Monday, April 24, 2006

Developing Calluses

I received a guitar for Christmas. So, I've been learning to play. I've discovered some interesting things about playing the guitar, it uses muscles in your hand and arms in ways I don't usually use them. That creates some cramping at times. I also learned that I don't have the dexterity with my left hand that I want or thought I had. I've got some work to do to make my left hand do something different from my right at the same time (I had a hard time playing the piano because of this.)

But one of the things I hadn't thought about was how painful the tips of my fingers would be from holding down on those thin metal strings. I'd have to stop after a while and rest my hand. I'd wait a day and try again, but it was still painful. I learned to play through the pain (or at least pick and strum because I'm not sure you could call what I was doing, playing!). In the first couple of weeks something happened, the fingertips on my left hand started developing hard calluses in response to the work they were doing, and the pain of playing diminished. It was getting easier to play because of the calluses.

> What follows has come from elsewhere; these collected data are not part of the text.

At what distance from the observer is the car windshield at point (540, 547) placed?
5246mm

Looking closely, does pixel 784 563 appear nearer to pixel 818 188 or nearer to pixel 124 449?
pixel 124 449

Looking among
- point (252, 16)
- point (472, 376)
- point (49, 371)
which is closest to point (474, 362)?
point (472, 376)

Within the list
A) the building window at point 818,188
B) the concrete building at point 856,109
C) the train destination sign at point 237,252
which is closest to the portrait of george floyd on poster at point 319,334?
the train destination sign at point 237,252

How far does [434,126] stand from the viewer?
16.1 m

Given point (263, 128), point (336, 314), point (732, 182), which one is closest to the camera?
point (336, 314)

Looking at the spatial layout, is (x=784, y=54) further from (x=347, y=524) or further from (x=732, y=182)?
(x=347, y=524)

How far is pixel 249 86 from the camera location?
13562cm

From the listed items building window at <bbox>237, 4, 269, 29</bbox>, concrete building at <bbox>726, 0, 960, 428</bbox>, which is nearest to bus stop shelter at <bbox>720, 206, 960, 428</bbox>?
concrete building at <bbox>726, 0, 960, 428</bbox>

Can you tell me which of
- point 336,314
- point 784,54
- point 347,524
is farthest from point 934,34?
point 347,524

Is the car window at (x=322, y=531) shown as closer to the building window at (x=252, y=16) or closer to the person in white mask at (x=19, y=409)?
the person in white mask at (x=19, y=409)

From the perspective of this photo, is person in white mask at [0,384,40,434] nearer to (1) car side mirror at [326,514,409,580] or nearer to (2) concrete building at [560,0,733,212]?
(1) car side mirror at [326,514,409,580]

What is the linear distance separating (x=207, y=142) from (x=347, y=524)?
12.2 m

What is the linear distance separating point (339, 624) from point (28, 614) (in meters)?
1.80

Many of the calluses we develop not only on our fingers, but on our hands and our feet are there for our protection. They are created as a response to work that we do, to make it easier on our body. It's a defense mechanism.

But they create their own problems.

Calluses keep us from feeling.

As I played that guitar my fingers felt great, but as I typed on my computer or picked up stuff with my left hand, I didn't have the sensitivity to touch as I had before. I couldn't feel the same way. The calluses had created a barrier of protection.

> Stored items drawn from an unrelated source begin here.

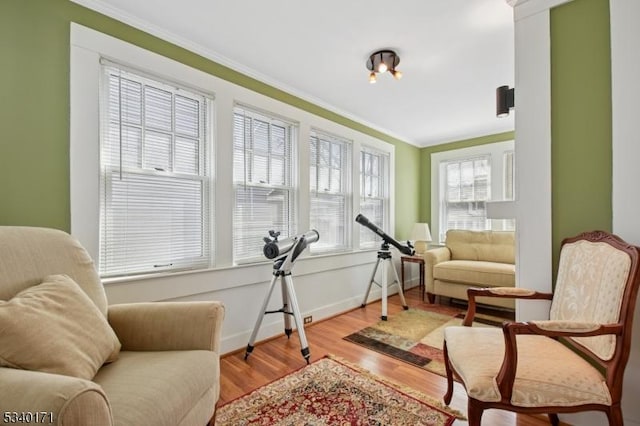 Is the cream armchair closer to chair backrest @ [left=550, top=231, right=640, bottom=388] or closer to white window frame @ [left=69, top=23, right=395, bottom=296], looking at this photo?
white window frame @ [left=69, top=23, right=395, bottom=296]

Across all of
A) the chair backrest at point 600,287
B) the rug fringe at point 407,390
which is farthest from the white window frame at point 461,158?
the rug fringe at point 407,390

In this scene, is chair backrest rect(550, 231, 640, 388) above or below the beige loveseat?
above

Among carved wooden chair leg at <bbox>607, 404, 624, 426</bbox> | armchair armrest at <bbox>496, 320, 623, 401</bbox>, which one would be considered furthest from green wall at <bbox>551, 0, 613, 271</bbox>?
carved wooden chair leg at <bbox>607, 404, 624, 426</bbox>

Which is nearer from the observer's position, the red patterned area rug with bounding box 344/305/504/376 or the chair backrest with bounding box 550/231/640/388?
the chair backrest with bounding box 550/231/640/388

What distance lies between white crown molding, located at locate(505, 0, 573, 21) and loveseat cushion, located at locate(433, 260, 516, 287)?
2477 mm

The same can happen to our hearts.

"So cut away the thick calluses from your heart and stop being so willfully hardheaded." (Deut. 10:16, The Message)

Just like other parts of our anatomy, the heart creates its own protection as it has been hurt. (I'm not talking about the muscle, but the spiritual heart we have.) As a part of our self-preservation programming, we put up barriers to keep our heart from feeling so that we don't have to feel disappointment or even love. If we've ever been hurt at all in our lives then we have calluses on our hearts. And If we find ourselves refusing to allow the love of God in to all parts of our lives it's because we still have them.

I heard a word this weekend that is so true, impact. We can be impacted by the love of God only to the degree we allow. We hold the controls over this. We can make and keep the calluses on our hearts or we can cut them away. We have this control.

And God wants in...to all parts of our heart. Calluses there are not helpful at all. We need to feel.

My guitar has sat on it's stand much more than it has been played recently, but the calluses have gone away and the feeling has come back to my fingertips. It looks like I've got some more pain to go through as I start playing again. But it's good pain and good calluses. It's the calluses of my heart I have to watch out for...

...so I can feel..and let God in completely!